**DATA FOR ANALYSIS:**
☆ ☆ ☆

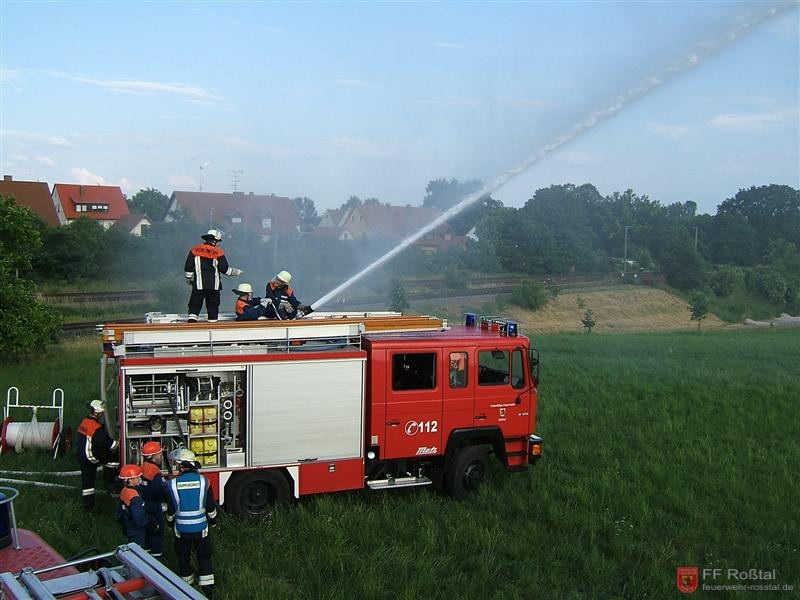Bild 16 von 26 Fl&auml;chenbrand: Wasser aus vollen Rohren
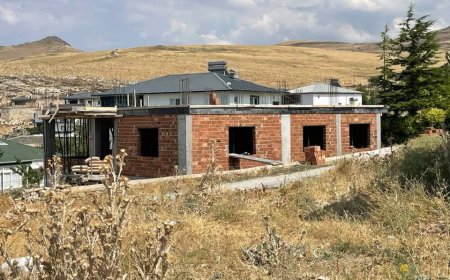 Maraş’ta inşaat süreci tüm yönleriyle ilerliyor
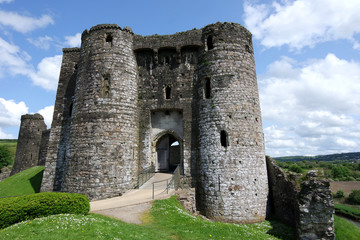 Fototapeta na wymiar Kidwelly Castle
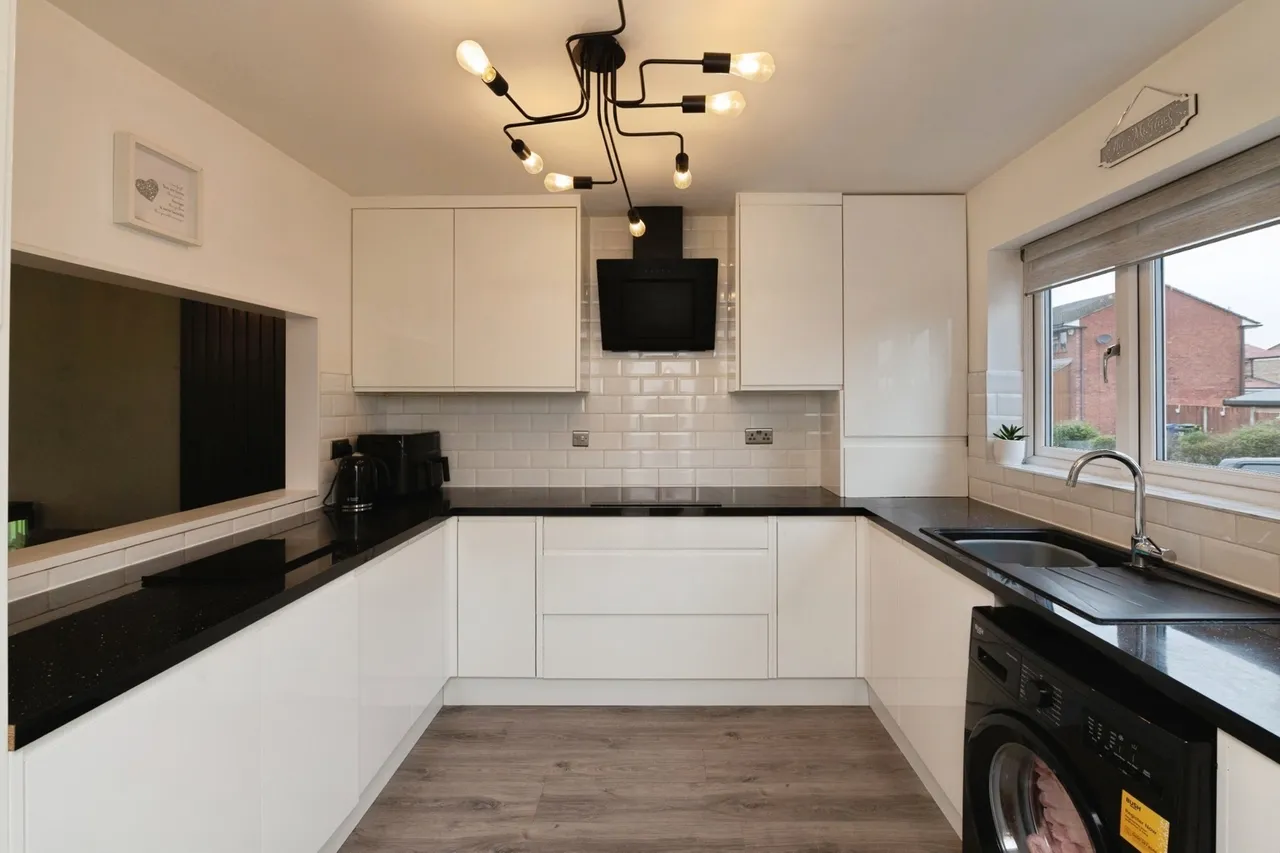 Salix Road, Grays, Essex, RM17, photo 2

☆ ☆ ☆

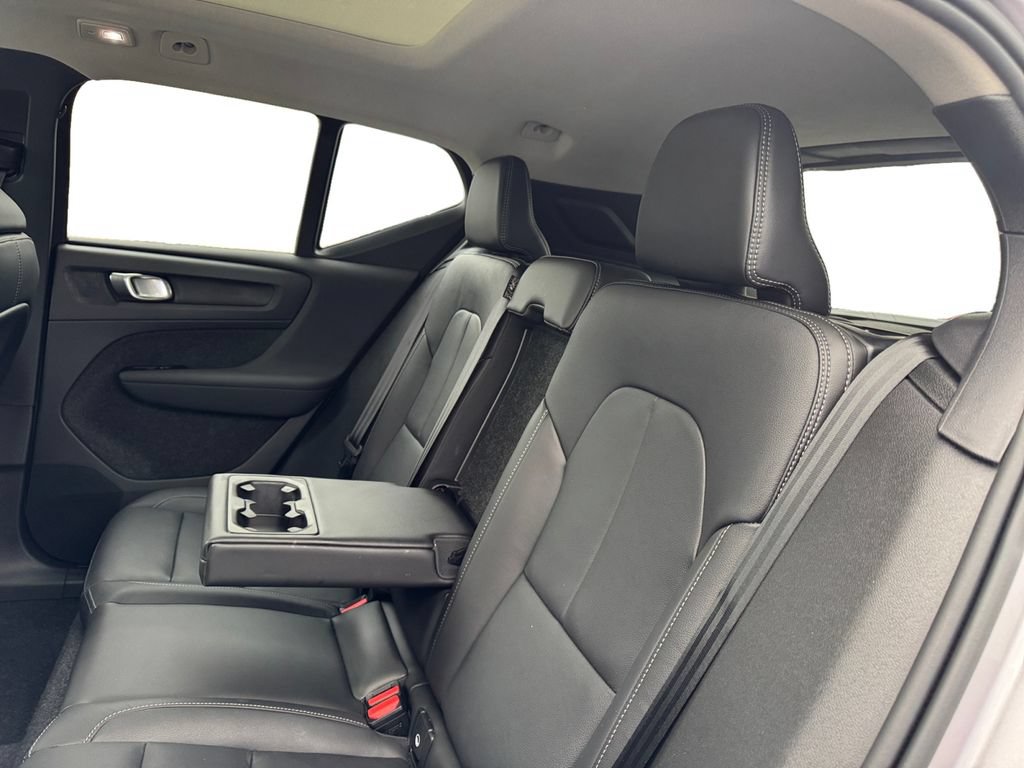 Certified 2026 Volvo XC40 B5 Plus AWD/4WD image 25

☆ ☆ ☆

**EXERCISE PROMPT:**
Give back exactly the lines above that run from the one with "Maraş’ta inşaat süreci" to the one with "Salix Road, Grays, Essex, RM17, photo 2", including both, with the pictures left out.

**TASK RESULT:**
 Maraş’ta inşaat süreci tüm yönleriyle ilerliyor
 Fototapeta na wymiar Kidwelly Castle
 Salix Road, Grays, Essex, RM17, photo 2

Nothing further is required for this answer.